Je réponds aux questions du Figaro sur la Monarchie de Juillet et le libéralisme.

Un livre à la gloire de la Monarchie de Juillet… ce n’est pas fréquent ! Beaucoup au contraire se réjouissent que cette « parenthèse » de notre histoire ait vite été refermée. Ne portez-vous pas un regard trop indulgent sur le règne de Louis-Philippe ?

Louis-Philippe a réussi une prouesse : concilier les déchirures françaises nées des guerres civiles révolutionnaires, unir le meilleur de l’Ancien régime et de la Révolution, créer un régime politique qui respecte les libertés fondamentales. Par sa personne, il amalgame l’histoire de France : la tradition monarchique d’une part, les idéaux de la Révolution d’autre part, puisqu’il a combattu auprès de Dumouriez et qu’il a soutenu la première révolution, celle de 1789. Sous son règne, la France retrouve sa place d’équilibre dans le concert de l’Europe et l’économie repart. Et comment ne pas aimer une période qui condense autant de brillants esprits : Chopin, Balzac, Tocqueville, pour ne citer que les principaux.

Votre livre tend à démontrer que ces dix-huit années ont été en France l’apogée du libéralisme. C’est aussi à ce moment qu’est né le socialisme : vous dites vous-même que le marxisme est né… à Paris ! Le socialisme n’a-t-il pas justement prospéré sur les infortunes du libéralisme, qui n’a pu prospérer que sur le dos d’une classe servile ? La liberté au détriment de l’égalité, en somme ?

Comme la remarquablement démontré Tocqueville, la route de la liberté conduit à l’égalité ; mais la route de l’égalité conduit à la servitude. La Monarchie de Juillet voit ses deux courants s’affronter, socialisme et défense des libertés, affrontement illustré par l’opposition des frères Blanqui, Auguste le socialiste, Adolphe le libéral.

Les socialistes réactivent sans cesse le mythe révolutionnaire, l’idée que c’est par la lutte, la guerre civile et la révolution que l’on arrache le progrès social aux riches. L’avantage des socialistes est que la démagogie paye plus que l’exigence. Il est plus facile d’attirer les foules en leur promettant de vivre par le vol des autres, par la redistribution ou par l’impôt, que par le travail et par l’épargne comme l’a fait Guizot.
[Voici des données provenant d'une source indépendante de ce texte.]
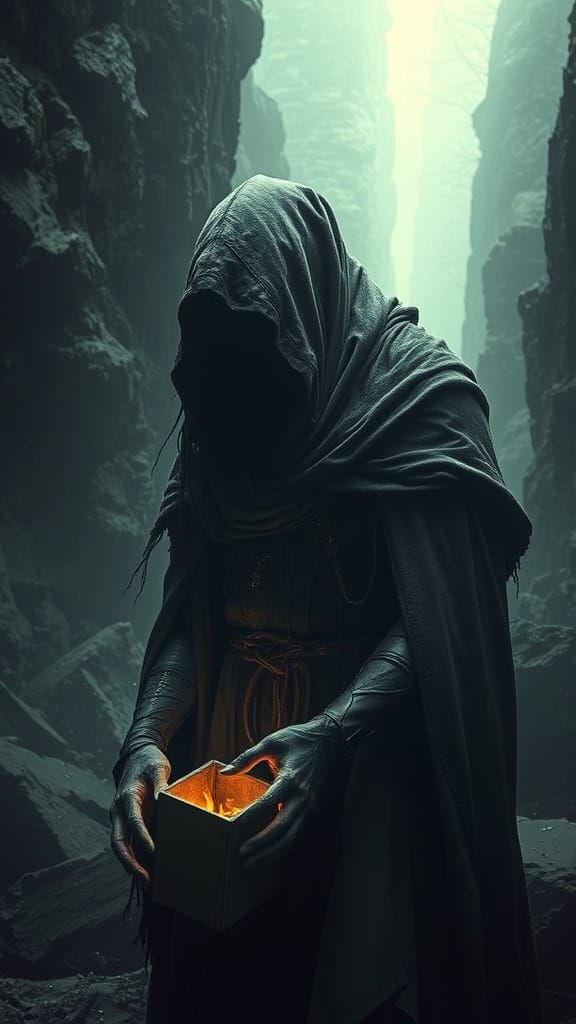 Mystical Figure Uncovers Treasures of Darkness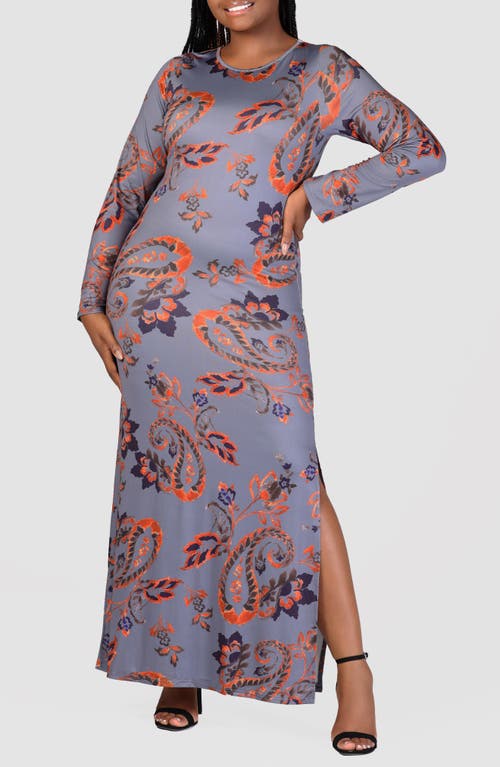 Shop 24seven Comfort Apparel Paisley Print Long Sleeve Maxi Dress In Orange Multi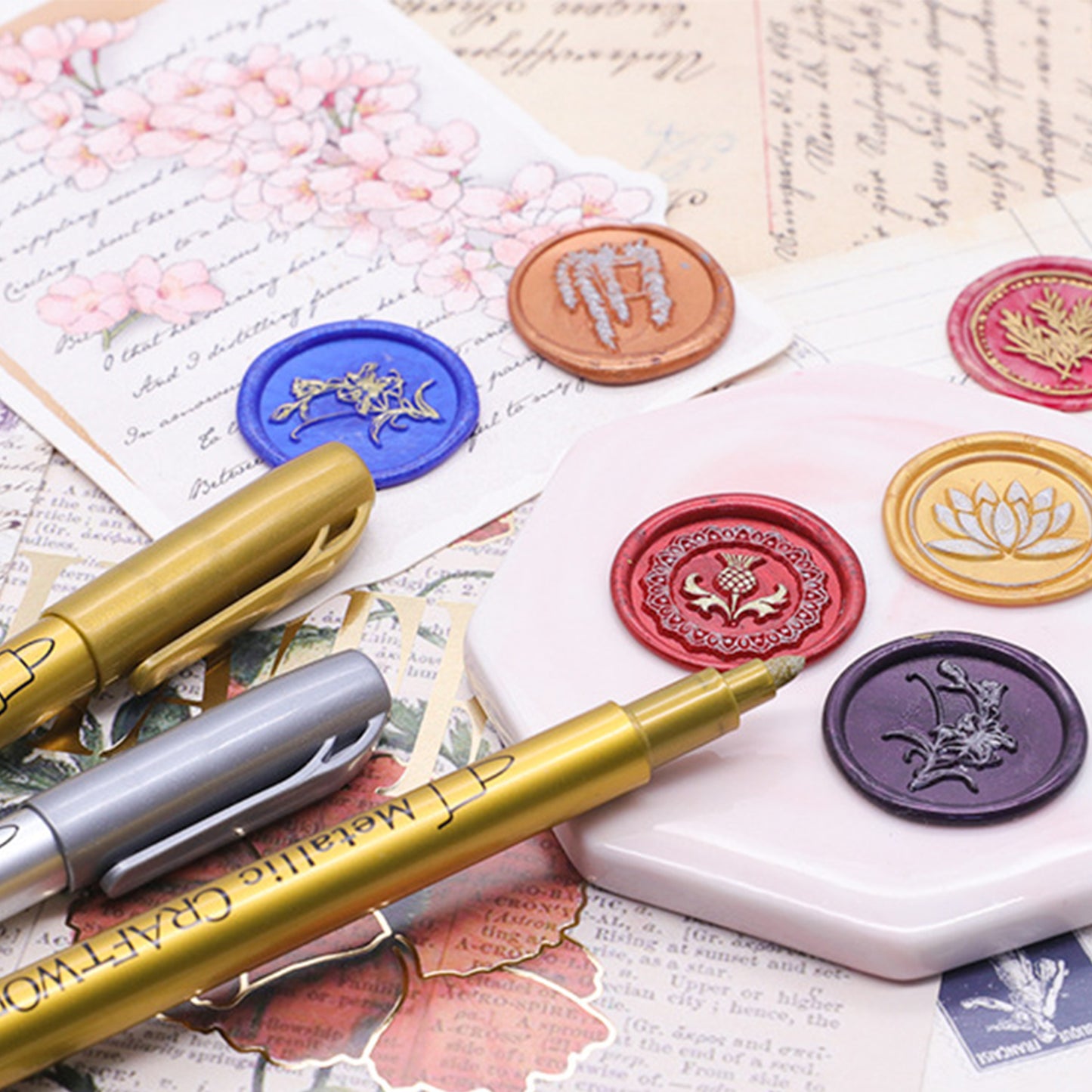 Metallic Marker Pens, Sealing Wax Pens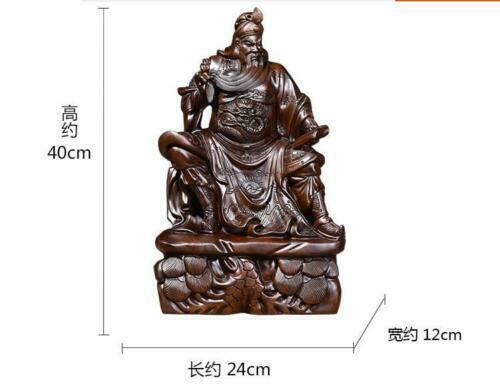 40cm,Ebony Wood China Guan Gong Yu sit,Warrior Guangong Statue Carved WOODEN 16"
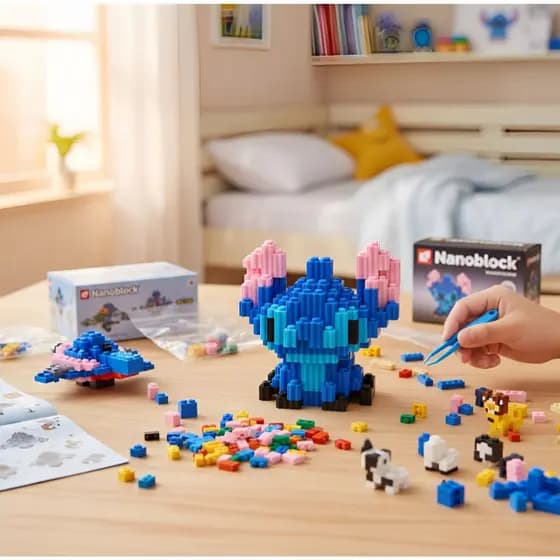 Brinquedo Educativo Blocos De Montar Stitch E Angel Lilo Monta e Desmonta 325 peças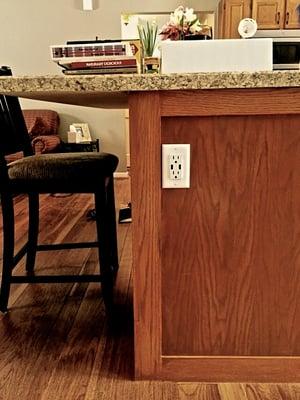 GFI protected outlet installed into kitchen island.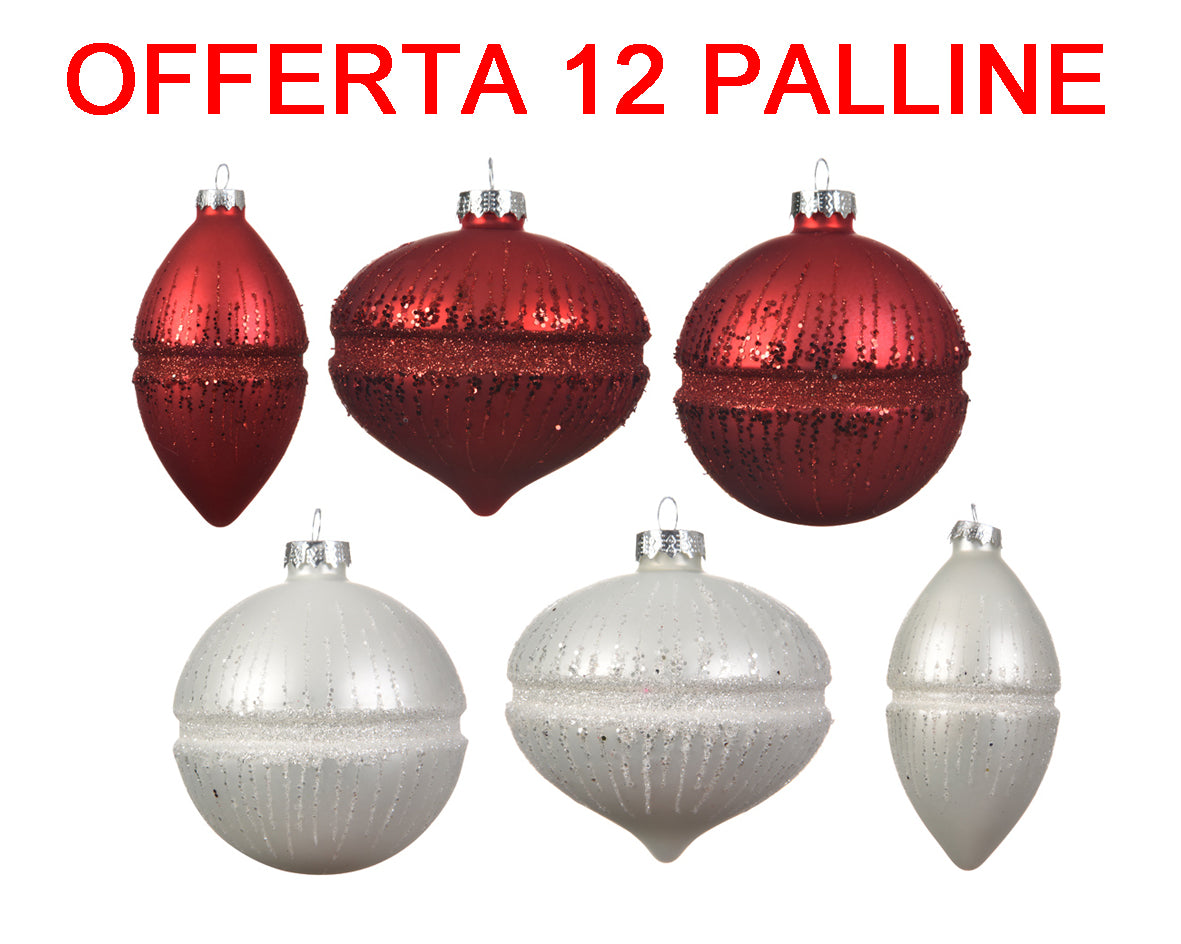 OFFERTA 12 PALLINE DI NATALE 8CM ROSSO/ARGENTO CON GLITTER ASSORTITA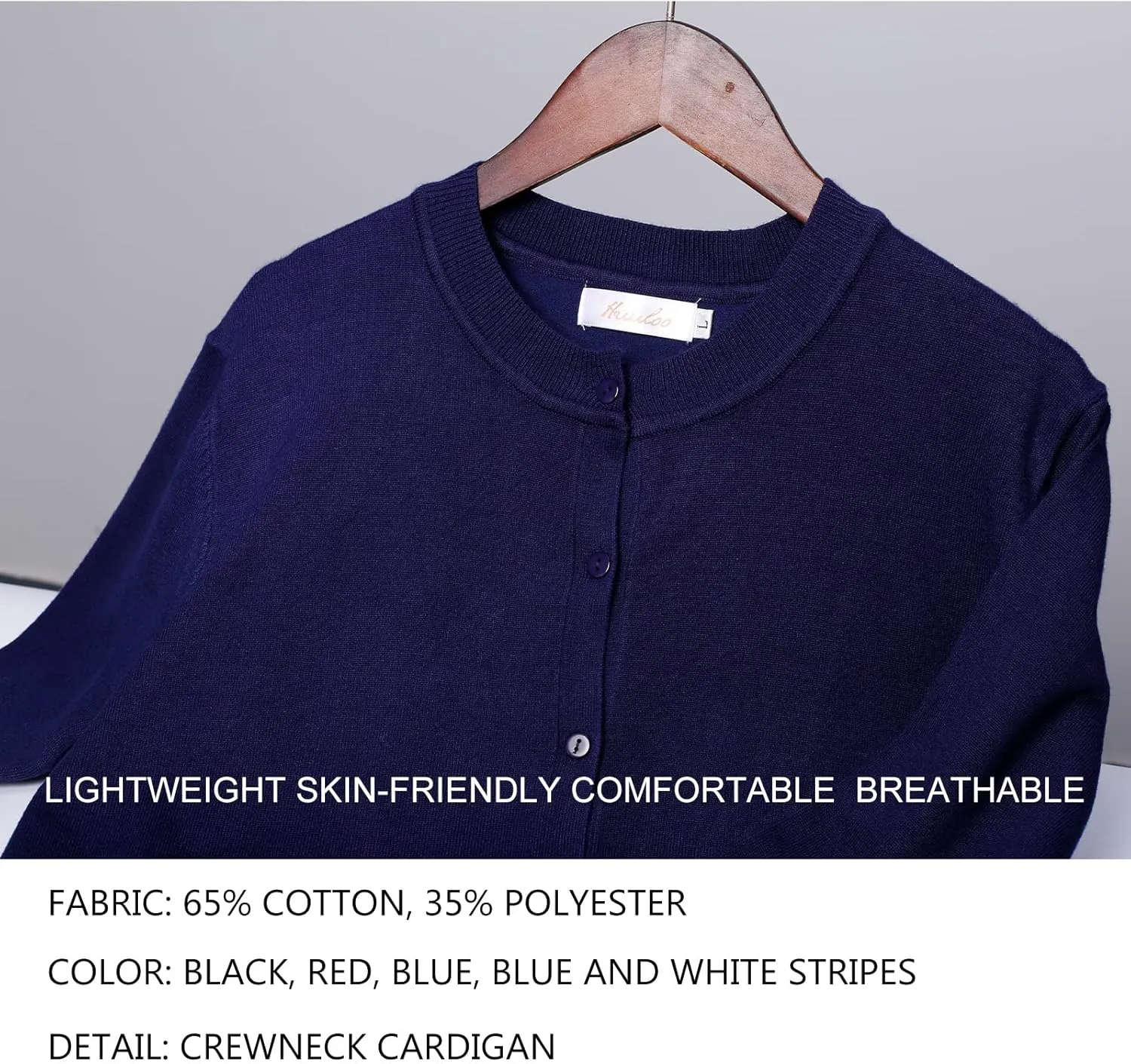 Women's Crew Neck Button Down Long Sleeve Cardigan Sweater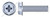 #8-32 X 5/16" Machine Screws, Hex Indented Washer Phillips Drive, Full Thread, Steel, Zinc Plated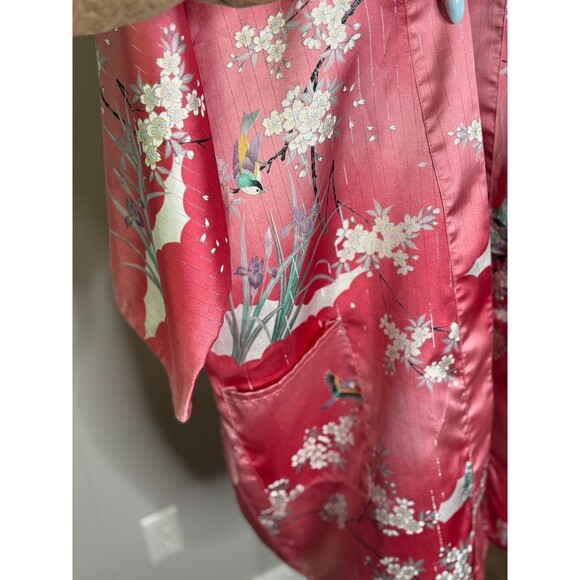Vintage Japanese Kimono Robe Lingerie Satin Pink Bird Floral Asian Silver‎ - Picture 4 of 8
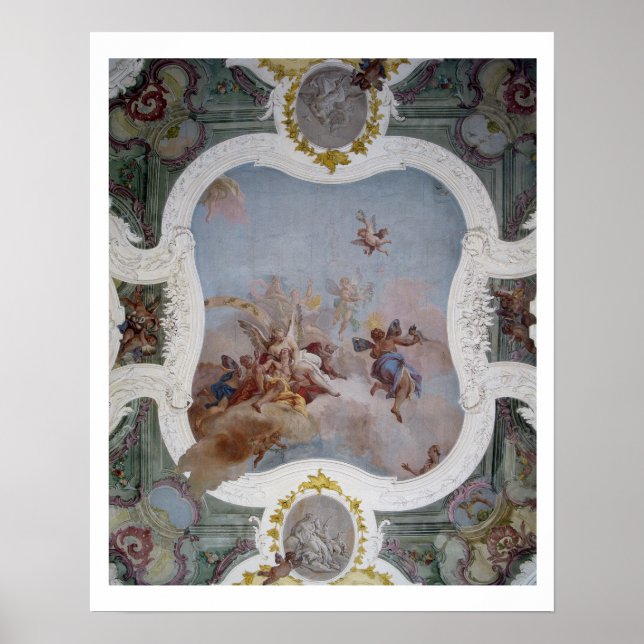 Poster Mythological Scene with the Zodiac (fresco) (Devant)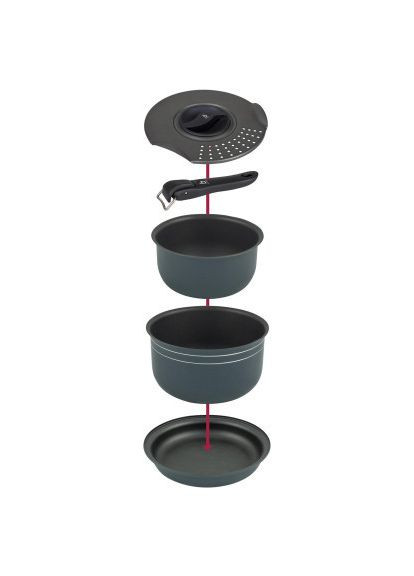 Набор туристической посуды Trekking Anthracite 5 предметов Серый (2300351) Bo-Camp Trekking Anthracite 5 предметів Сірий (370019342)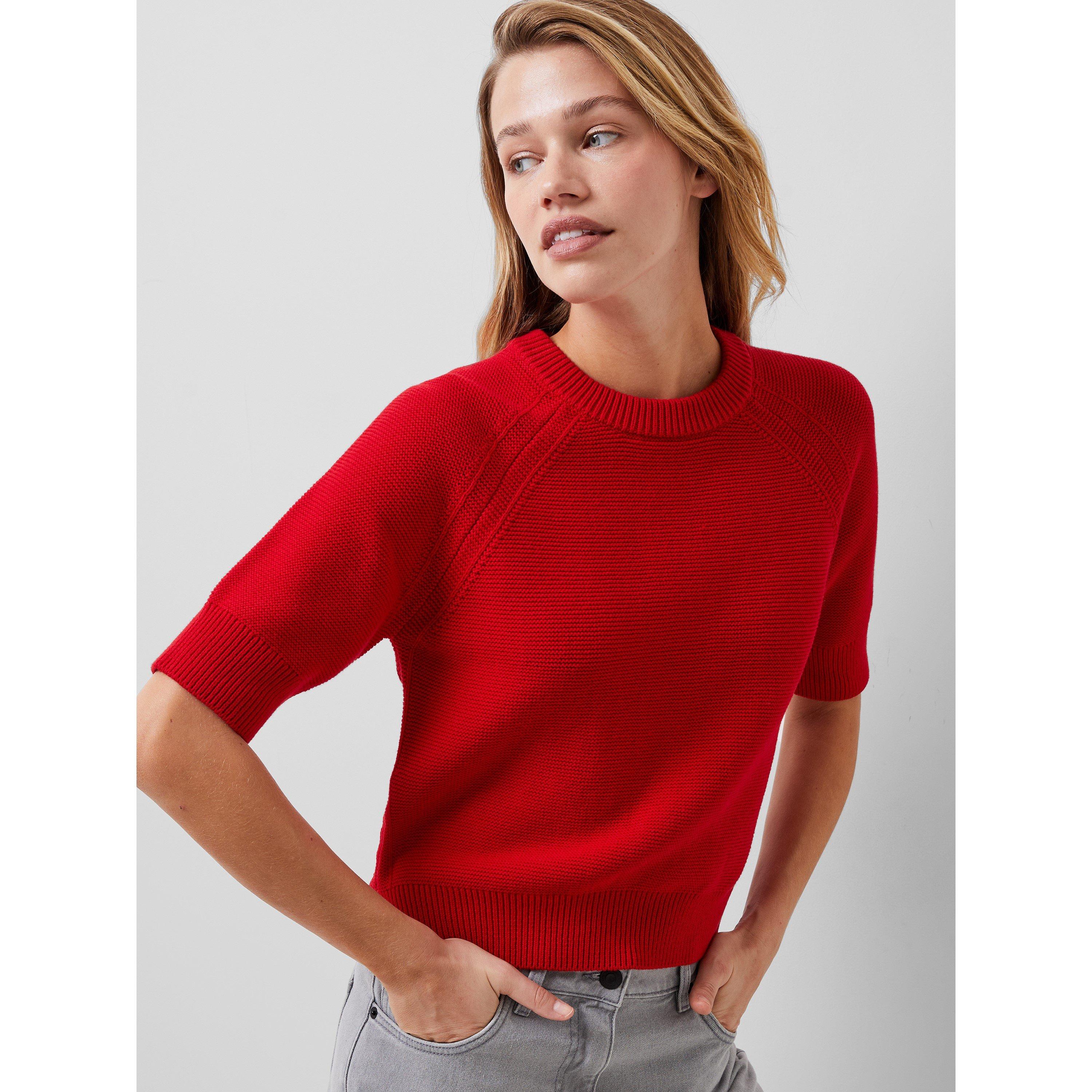 61-True Red - French Connection - Women's Lily Mozart Striped Short-Sleeve Crew Neck Jumper - 2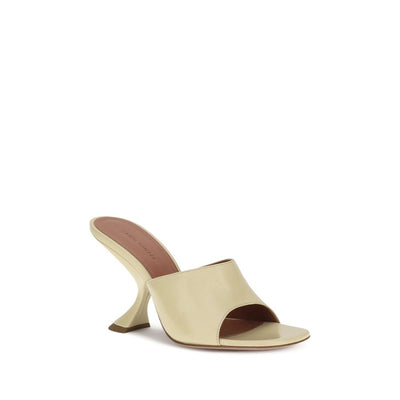 Amina Muaddi Cream Calf Leather Bos Taurus Stiletto Heel Sandals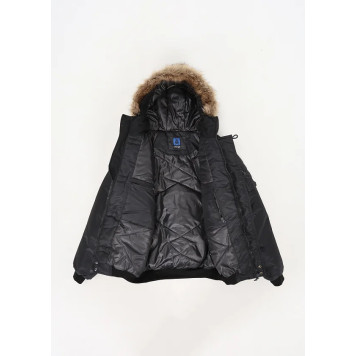 Shortened Black Twill Alaska Jacket-3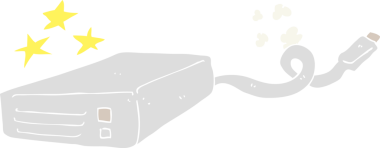 Bir insan tarafından çizilmiş bilgisayar sabit diskinin düz renk çizimi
La classe servile que vous évoquez n’a cessé de diminuer, justement par l’essor de la productivité et de la mécanisation qui amène davantage de richesses et un accès plus grand aux biens matériels. En 1830, nous sommes au tout début d’un phénomène (qui arrivera à son terme vers 1990) que Jean Fourastié a appelé la période transitoire. La mortalité commence à reculer, la nourriture s’améliore, les conditions de travail à l’usine sont moins éprouvantes que les travaux des champs, n’en déplaise aux nostalgiques de la société agrarienne.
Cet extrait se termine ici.